A list like this will probably mean more to you once you’ve read the book. The extracts here aren’t meant to represent the stories, because of course one passage can’t represent a story, whose effect is always cumulative. And of course every reader’s list will be different; my own list might be different on a different day. The list only represents the possibility of infinite lists like this—infinite moments within these pages by which we might find our way to an infinite variety of emotions.
This anthology is in its third year. Its previous contributors have signed with agents, published stories and books, inspired other writers. Compared to other annual best-of collections, though, it’s still young. The first volume of Best American Short Stories came out in 1915; The O. Henry Prize Stories started in 1919; The Pushcart Prize is a little over forty years old. As with those prizes and series, I think the influence of this prize and series on its winners, and the influence of its winners on literature, will only become clearer as years and decades pass.

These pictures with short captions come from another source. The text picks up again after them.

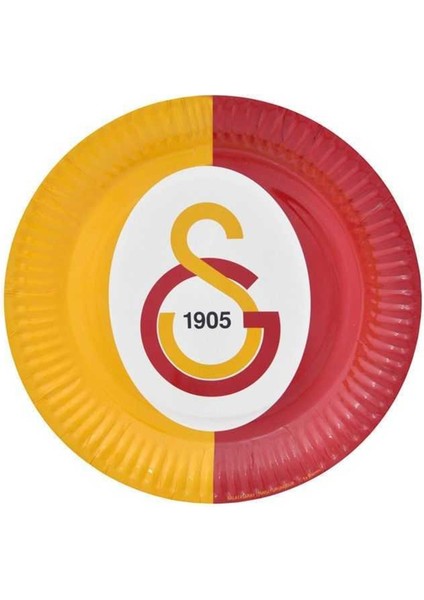 Galatasaray Lisanslı Karton Tabak 8 Adet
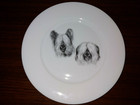 Skye Terrier Foundation Water Food Serving Plate Cathy Nelson Art Dog Show 7 5 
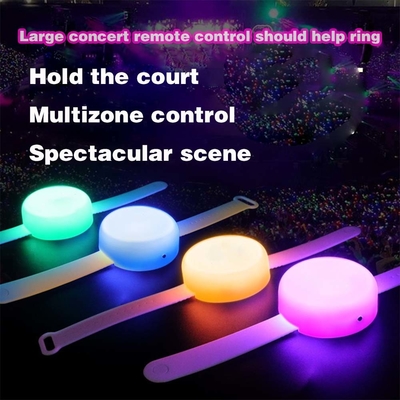 Customização Dmx Controlado LED Flash Pulseira Para Eventos Rave Party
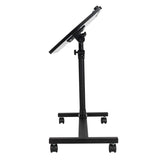 ZNTS Four-Wheel Multifunctional Flat Surface Lifting Computer Desk Black 12535669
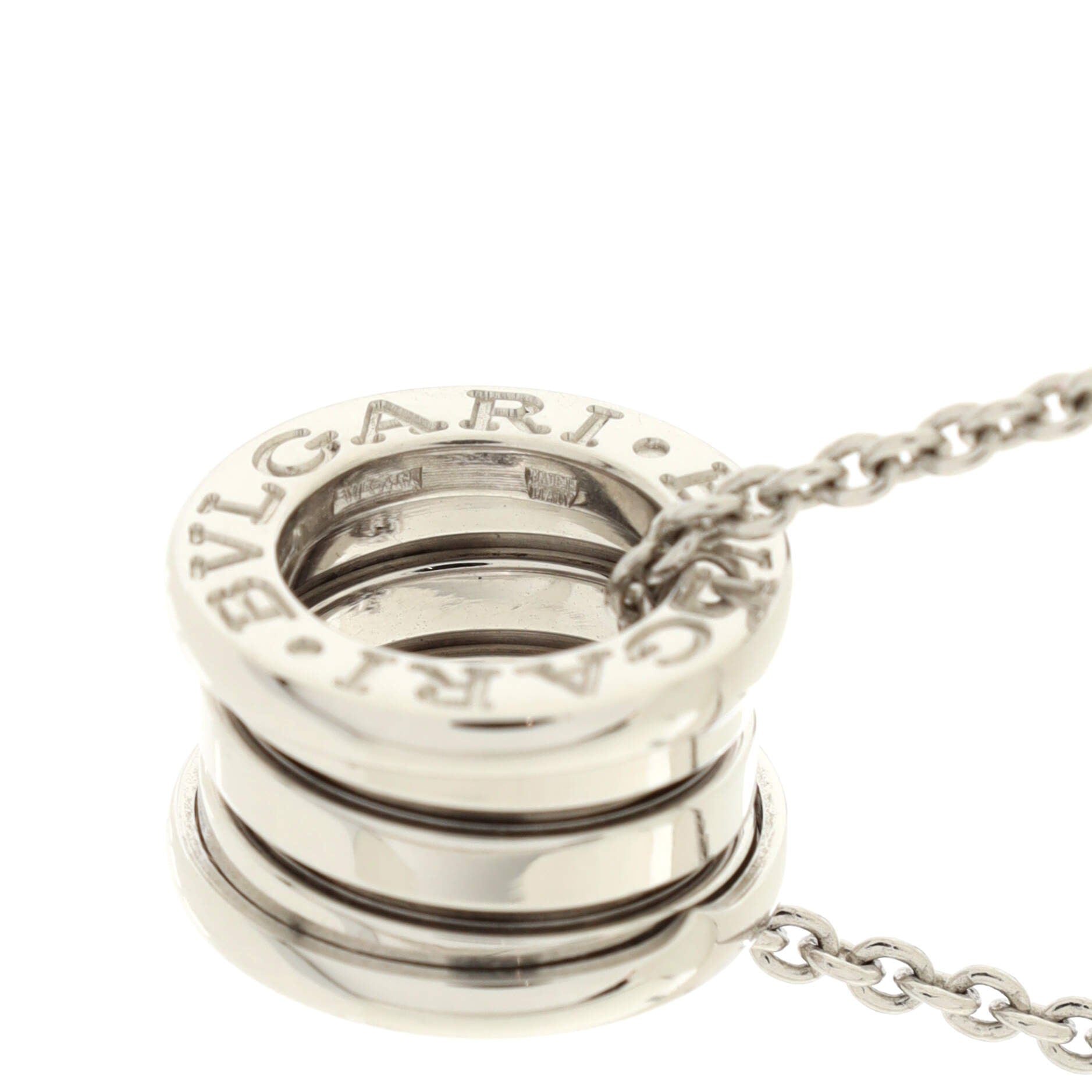 B.Zero1 Pendant Necklace 18K White Gold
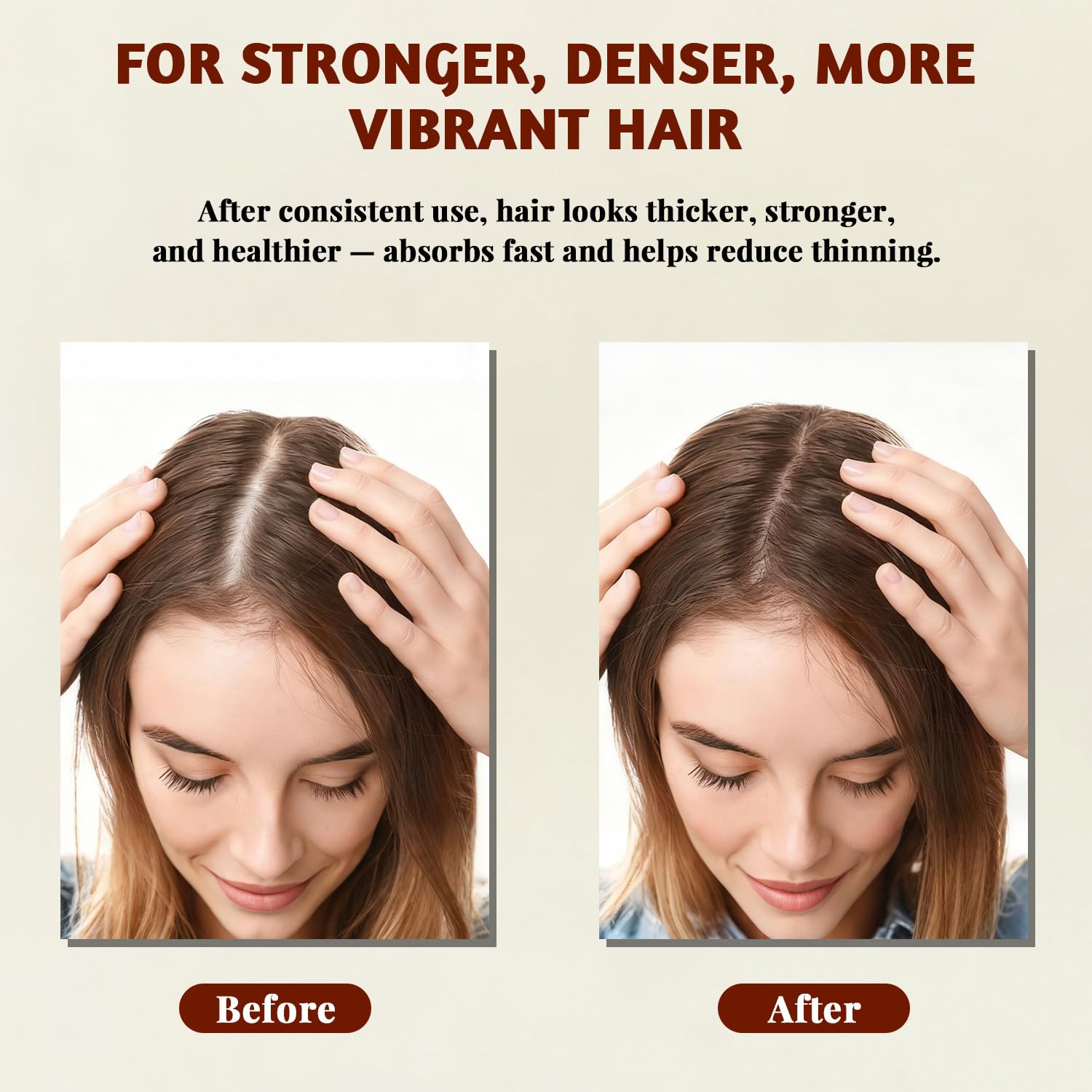 Vital Batana Paste application to mid-lengths and ends for nourishment.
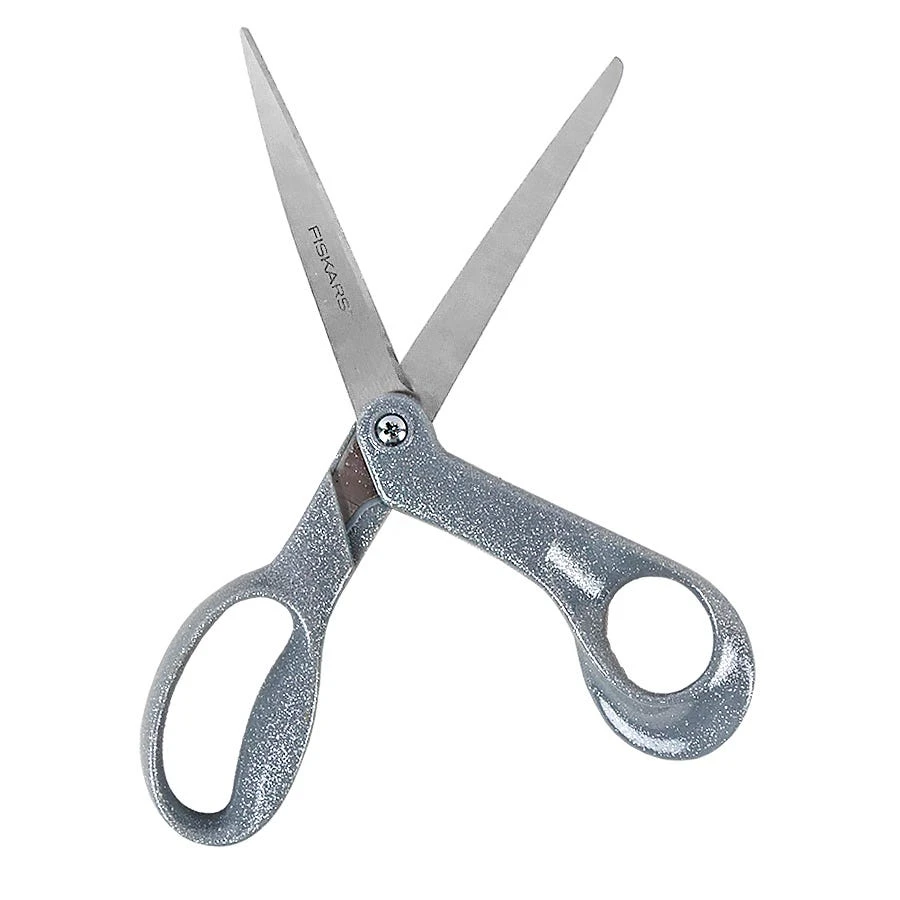 Fiskars Silver Sparkle 8" Premier Bent ScissorsFiskars #194514-1015 4 Fiskars Silver Sparkle 8" Premier Bent ScissorsFiskars #194514-1015 - Image 2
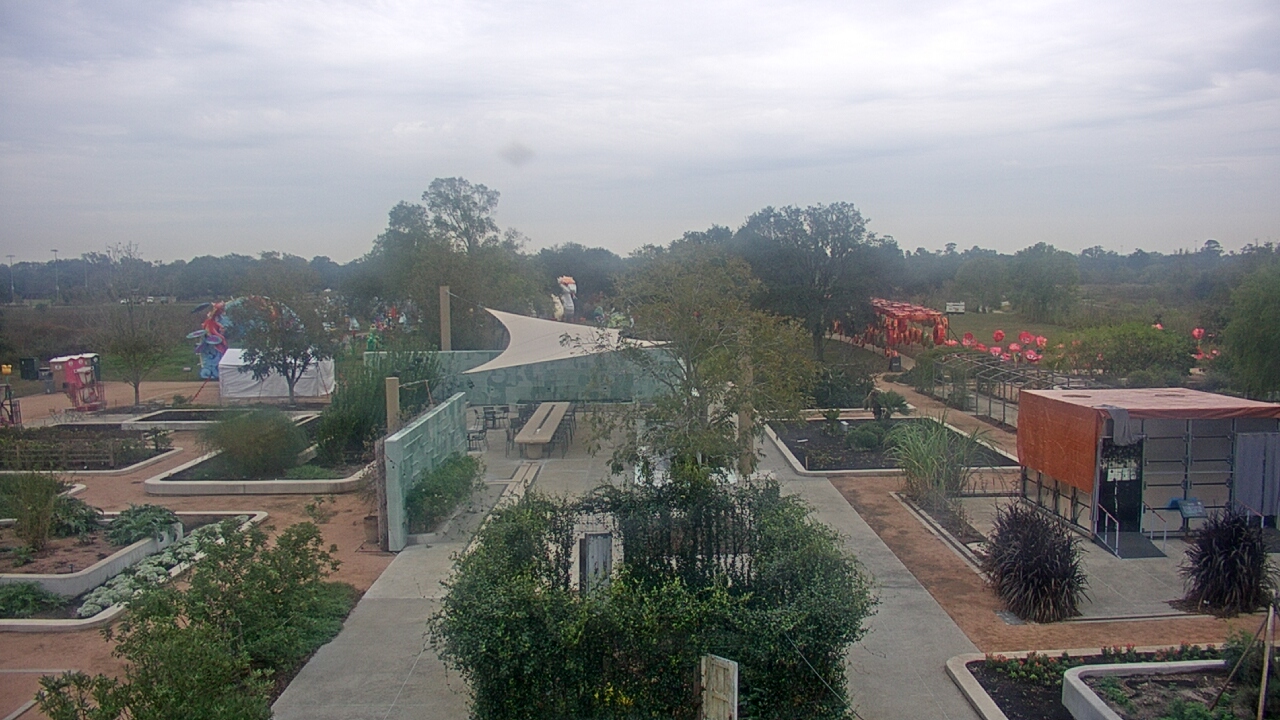 Thumbnail for current weather camera view from Houston Botanic Garden in Houston, Texas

For now, I want to make two observations. There are a handful of magazines that have impressed our judges each year with the debut writers they’ve discovered. The Rumpus has had a piece in every edition; Black Warrior Review, Epiphany, The Baltimore Review, and Conjunctions have all contributed multiple stories. It seems to me that anyone interested in the future of short stories would want to pay special attention to these publications. I’ve come to think of them—and all twenty-nine magazines that have appeared in these anthologies—as bright places in the “literary landscape” that I’m glad to know and glad I get to visit. To further push this metaphor, the editors of the magazines who originally published these stories, and whose expert commentaries introduce each piece, are the innkeepers and hosts, hanging their welcoming lights; the judges are the explorers who find and forge paths to them.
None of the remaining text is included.